To try and solve my Arabic Unicode/Python problem, I created a sample .txt file with one article from an independent newspaper. After reading just about every comp sci forum on unicode in Python out there, I still wasn’t able to get Python to print Arabic text. I managed to extract the unicode for a few lines, but when I told it to encode it, it simply printed a blank line.

Frustrated, I decided to see how R would handle the Arabic text. It worked beautifully, and I didn’t even have to worry about encoding.

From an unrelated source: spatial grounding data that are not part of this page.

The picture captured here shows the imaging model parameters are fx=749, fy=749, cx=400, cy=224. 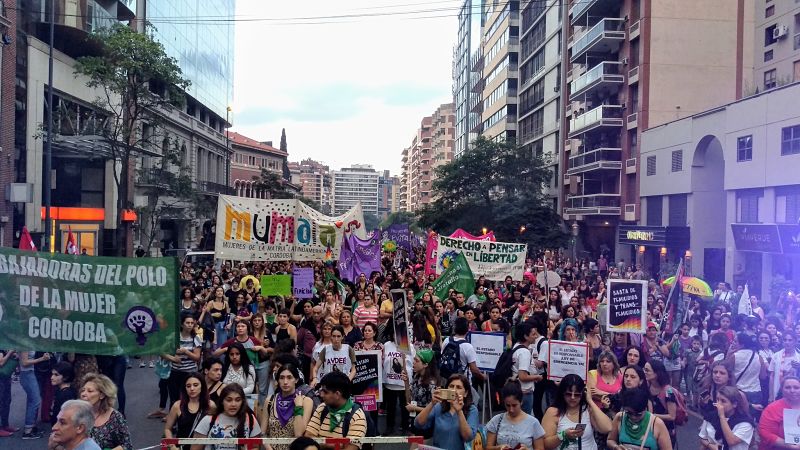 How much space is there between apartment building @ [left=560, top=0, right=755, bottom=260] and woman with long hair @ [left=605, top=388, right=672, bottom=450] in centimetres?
3491

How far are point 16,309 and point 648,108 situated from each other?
36.0 m

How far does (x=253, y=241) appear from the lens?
1667 centimetres

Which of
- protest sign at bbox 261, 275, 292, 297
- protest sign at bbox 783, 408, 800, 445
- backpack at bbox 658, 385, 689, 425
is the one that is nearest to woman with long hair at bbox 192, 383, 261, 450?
backpack at bbox 658, 385, 689, 425

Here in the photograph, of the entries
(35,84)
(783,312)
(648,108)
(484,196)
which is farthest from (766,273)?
(35,84)

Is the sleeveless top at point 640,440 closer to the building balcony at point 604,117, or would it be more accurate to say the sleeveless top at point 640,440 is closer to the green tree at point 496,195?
the green tree at point 496,195

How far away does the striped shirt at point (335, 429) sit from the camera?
18.9ft

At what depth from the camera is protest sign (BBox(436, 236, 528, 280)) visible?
19.6 m

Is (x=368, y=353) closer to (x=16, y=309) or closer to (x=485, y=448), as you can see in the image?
(x=485, y=448)

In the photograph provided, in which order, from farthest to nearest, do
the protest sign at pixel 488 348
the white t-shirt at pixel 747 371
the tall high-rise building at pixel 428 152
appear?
1. the tall high-rise building at pixel 428 152
2. the white t-shirt at pixel 747 371
3. the protest sign at pixel 488 348

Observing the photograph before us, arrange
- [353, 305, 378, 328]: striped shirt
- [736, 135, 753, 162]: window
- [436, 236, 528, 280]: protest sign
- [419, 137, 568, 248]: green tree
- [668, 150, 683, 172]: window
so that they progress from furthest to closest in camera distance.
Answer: [419, 137, 568, 248]: green tree, [668, 150, 683, 172]: window, [736, 135, 753, 162]: window, [436, 236, 528, 280]: protest sign, [353, 305, 378, 328]: striped shirt

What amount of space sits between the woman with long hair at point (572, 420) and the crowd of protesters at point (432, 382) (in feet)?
0.03

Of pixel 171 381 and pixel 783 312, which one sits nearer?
pixel 171 381

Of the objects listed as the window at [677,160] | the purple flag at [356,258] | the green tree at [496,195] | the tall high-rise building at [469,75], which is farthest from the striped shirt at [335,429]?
the tall high-rise building at [469,75]

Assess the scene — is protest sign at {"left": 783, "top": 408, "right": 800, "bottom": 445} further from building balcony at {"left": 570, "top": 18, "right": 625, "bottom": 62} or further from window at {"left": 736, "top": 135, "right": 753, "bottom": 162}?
building balcony at {"left": 570, "top": 18, "right": 625, "bottom": 62} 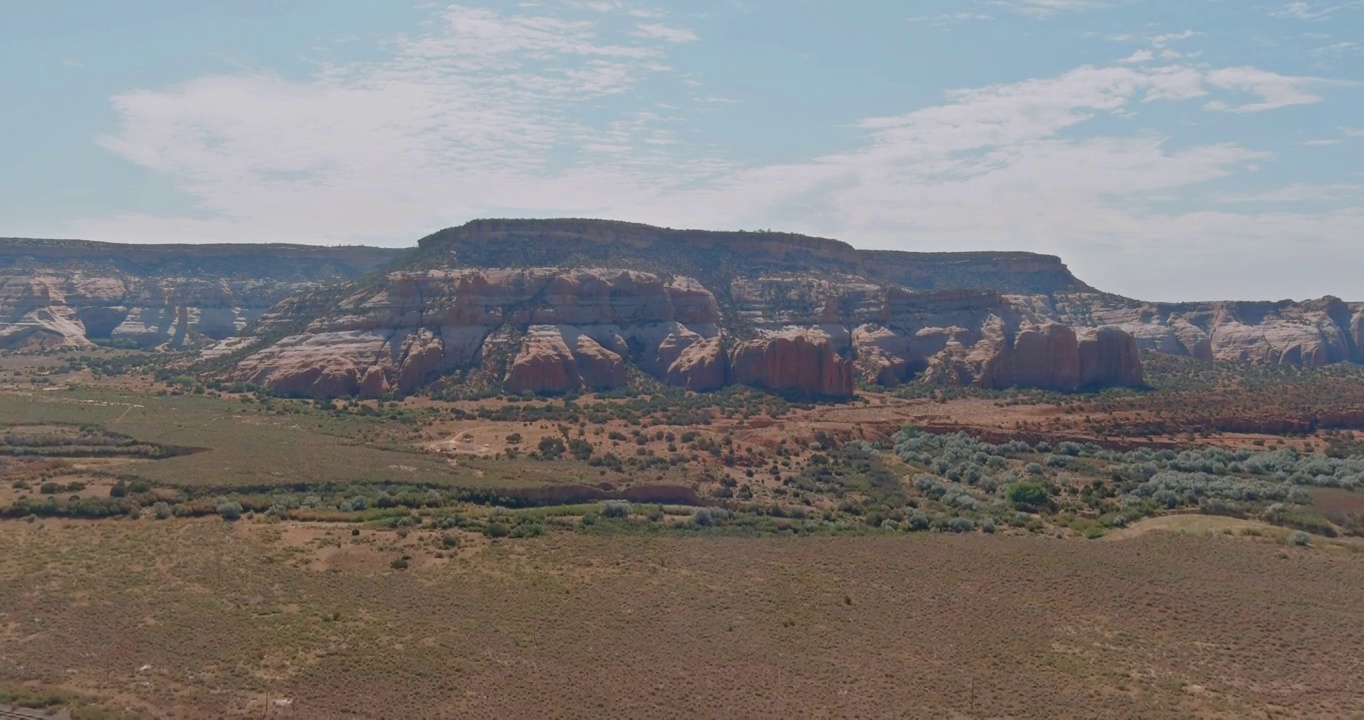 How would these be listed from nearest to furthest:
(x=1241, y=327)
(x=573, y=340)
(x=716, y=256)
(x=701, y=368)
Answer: (x=701, y=368) → (x=573, y=340) → (x=716, y=256) → (x=1241, y=327)

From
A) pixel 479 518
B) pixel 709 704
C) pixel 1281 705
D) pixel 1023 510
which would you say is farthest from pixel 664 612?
pixel 1023 510

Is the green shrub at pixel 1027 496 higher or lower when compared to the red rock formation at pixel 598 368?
lower

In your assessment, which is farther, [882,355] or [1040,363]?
[882,355]

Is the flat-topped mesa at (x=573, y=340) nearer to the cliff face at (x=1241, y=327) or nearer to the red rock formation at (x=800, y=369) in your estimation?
the red rock formation at (x=800, y=369)

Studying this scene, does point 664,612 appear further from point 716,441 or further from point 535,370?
point 535,370

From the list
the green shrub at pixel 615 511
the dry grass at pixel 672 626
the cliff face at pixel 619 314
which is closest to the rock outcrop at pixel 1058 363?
the cliff face at pixel 619 314

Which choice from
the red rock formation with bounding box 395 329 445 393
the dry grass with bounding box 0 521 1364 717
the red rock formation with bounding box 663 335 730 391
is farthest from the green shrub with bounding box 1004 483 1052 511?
the red rock formation with bounding box 395 329 445 393

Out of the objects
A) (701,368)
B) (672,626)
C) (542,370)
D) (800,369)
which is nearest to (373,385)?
(542,370)

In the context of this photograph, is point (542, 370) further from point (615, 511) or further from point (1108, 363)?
point (1108, 363) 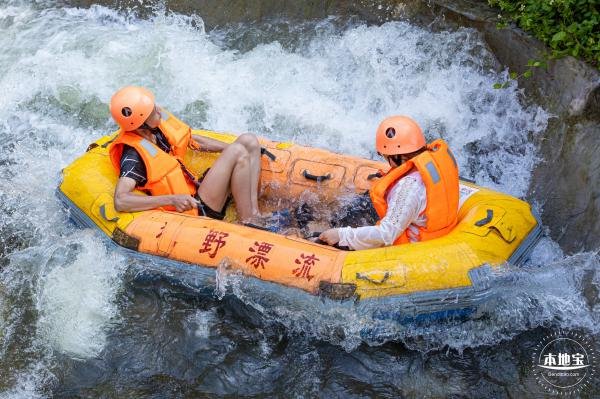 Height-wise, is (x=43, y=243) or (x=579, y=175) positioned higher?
(x=579, y=175)

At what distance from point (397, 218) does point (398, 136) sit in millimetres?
554

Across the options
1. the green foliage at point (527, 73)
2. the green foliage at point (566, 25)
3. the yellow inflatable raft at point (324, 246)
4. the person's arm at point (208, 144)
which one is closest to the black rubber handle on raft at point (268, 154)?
the yellow inflatable raft at point (324, 246)

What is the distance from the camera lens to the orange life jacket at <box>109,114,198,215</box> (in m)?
5.68

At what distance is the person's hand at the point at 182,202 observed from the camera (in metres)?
5.66

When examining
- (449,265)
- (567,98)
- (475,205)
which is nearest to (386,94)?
(567,98)

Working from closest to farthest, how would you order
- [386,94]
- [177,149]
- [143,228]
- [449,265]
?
[449,265] → [143,228] → [177,149] → [386,94]

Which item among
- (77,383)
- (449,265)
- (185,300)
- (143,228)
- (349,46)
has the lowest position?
(77,383)

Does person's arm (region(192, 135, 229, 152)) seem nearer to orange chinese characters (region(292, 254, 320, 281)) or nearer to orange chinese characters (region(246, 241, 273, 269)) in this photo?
orange chinese characters (region(246, 241, 273, 269))

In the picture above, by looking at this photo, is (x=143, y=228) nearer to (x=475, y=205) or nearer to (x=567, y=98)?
(x=475, y=205)

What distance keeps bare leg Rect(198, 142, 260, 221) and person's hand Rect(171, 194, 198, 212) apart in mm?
207

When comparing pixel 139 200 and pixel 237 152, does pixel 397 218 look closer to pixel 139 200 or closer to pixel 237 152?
pixel 237 152

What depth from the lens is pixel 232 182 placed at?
591cm

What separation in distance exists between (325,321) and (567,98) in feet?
9.80

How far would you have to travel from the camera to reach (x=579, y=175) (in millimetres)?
6066
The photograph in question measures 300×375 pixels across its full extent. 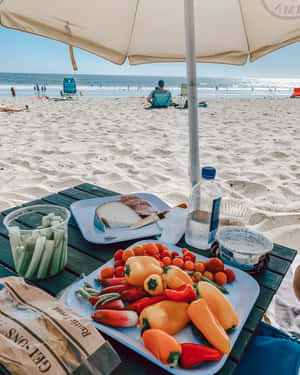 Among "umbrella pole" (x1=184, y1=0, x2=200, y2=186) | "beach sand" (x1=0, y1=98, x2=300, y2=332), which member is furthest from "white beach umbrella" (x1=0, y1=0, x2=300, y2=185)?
"beach sand" (x1=0, y1=98, x2=300, y2=332)

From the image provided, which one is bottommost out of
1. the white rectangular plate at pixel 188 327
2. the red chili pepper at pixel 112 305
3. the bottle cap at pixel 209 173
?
the white rectangular plate at pixel 188 327

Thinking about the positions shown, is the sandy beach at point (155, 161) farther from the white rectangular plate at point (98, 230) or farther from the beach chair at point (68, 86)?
the beach chair at point (68, 86)

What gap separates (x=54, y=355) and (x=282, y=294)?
1.86 m

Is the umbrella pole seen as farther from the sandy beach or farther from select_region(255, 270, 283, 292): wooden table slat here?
the sandy beach

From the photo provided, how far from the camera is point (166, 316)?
2.54 feet

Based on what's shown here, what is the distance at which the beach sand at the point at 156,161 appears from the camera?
128 inches

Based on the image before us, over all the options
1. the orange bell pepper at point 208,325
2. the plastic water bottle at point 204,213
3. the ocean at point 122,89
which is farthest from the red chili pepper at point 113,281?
the ocean at point 122,89

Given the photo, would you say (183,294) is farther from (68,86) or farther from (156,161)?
(68,86)

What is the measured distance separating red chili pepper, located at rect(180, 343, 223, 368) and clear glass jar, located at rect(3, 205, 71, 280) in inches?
22.9

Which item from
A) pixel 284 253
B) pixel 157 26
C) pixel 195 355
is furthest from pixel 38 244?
pixel 157 26

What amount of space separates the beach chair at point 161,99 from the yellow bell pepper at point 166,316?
38.7 feet

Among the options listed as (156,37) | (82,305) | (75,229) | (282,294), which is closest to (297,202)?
(282,294)

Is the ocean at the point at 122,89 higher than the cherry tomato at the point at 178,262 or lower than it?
higher

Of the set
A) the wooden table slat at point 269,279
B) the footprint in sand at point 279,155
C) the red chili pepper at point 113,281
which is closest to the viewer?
the red chili pepper at point 113,281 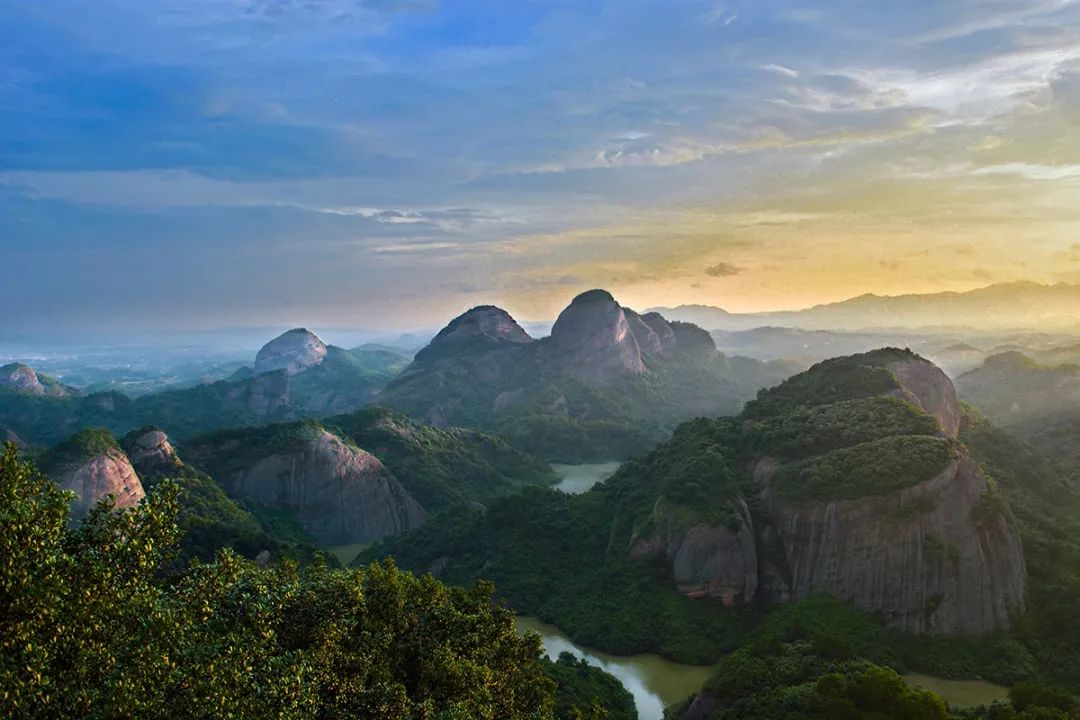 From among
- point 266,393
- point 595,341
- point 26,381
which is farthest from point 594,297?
point 26,381

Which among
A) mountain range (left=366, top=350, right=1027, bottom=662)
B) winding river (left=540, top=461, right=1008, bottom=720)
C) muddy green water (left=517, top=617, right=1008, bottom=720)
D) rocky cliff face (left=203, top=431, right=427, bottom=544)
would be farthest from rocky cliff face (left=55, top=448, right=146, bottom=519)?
muddy green water (left=517, top=617, right=1008, bottom=720)

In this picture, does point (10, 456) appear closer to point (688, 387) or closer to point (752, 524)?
point (752, 524)

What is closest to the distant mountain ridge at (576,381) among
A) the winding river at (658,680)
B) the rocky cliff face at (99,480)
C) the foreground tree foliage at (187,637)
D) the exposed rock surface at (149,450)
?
the exposed rock surface at (149,450)

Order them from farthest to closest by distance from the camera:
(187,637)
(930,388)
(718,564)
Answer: (930,388), (718,564), (187,637)

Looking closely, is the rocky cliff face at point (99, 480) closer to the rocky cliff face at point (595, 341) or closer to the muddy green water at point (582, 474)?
the muddy green water at point (582, 474)

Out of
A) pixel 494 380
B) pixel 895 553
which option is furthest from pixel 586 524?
pixel 494 380

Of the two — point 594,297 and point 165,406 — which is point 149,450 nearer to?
point 165,406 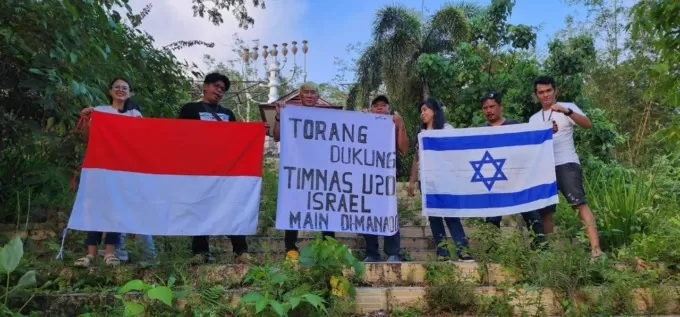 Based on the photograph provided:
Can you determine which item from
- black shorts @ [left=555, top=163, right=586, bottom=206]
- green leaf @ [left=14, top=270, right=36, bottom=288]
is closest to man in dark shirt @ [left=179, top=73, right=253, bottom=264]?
green leaf @ [left=14, top=270, right=36, bottom=288]

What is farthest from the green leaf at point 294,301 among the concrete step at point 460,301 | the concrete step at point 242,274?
the concrete step at point 242,274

Next, was the issue of ligatures. While the “meem” and “lam” were still being switched, I realized that the compulsory “lam-alif” ligature was being collapsed to a single letter — the “alif.” This is a huge problem since trying to manually fix that would essentially require me to read every single article word for word. I had been using Google Chrome, and even opening the PDFs in Adobe Reader wasn’t giving me the results I needed. I searched online for ways around this, and came across OCR. OCR (optical character recognition) is software that converts images or PDFs to text. It’s supposed to work on handwriting, so I figured since the text I would be loading in was perfectly printed text, that it would then analyze it accurately. I thought wrong. It ended up being incredibly inaccurate, so I had to keep looking for other solutions. On a whim, I decided to open it up in Firefox. I wasn’t optimistic, especially because the text appeared to be jumbled just by looking at it in the browser. I gave it a shot anyway, copy and pasted, and to my great surprise, it worked! It transferred the ligatures over exactly as they appeared in the original paper.

Another issue I was able to sort out was Al-Ahram‘s non-copy and paste-able PDF archives. I cross checked a front page issue with some of the articles available on Lexis Nexis and realized that the database was actually missing a front page news article. I Google searched the headline from that article and it led me to a plain text version of the article. This is obviously exactly what I need. It’ll be time consuming and annoying to get the articles that way, but at least there is a way!!

There are still some other issues I’m having with at least one another source, but I’m hoping I’ll be able to find a solution or a way to work around them.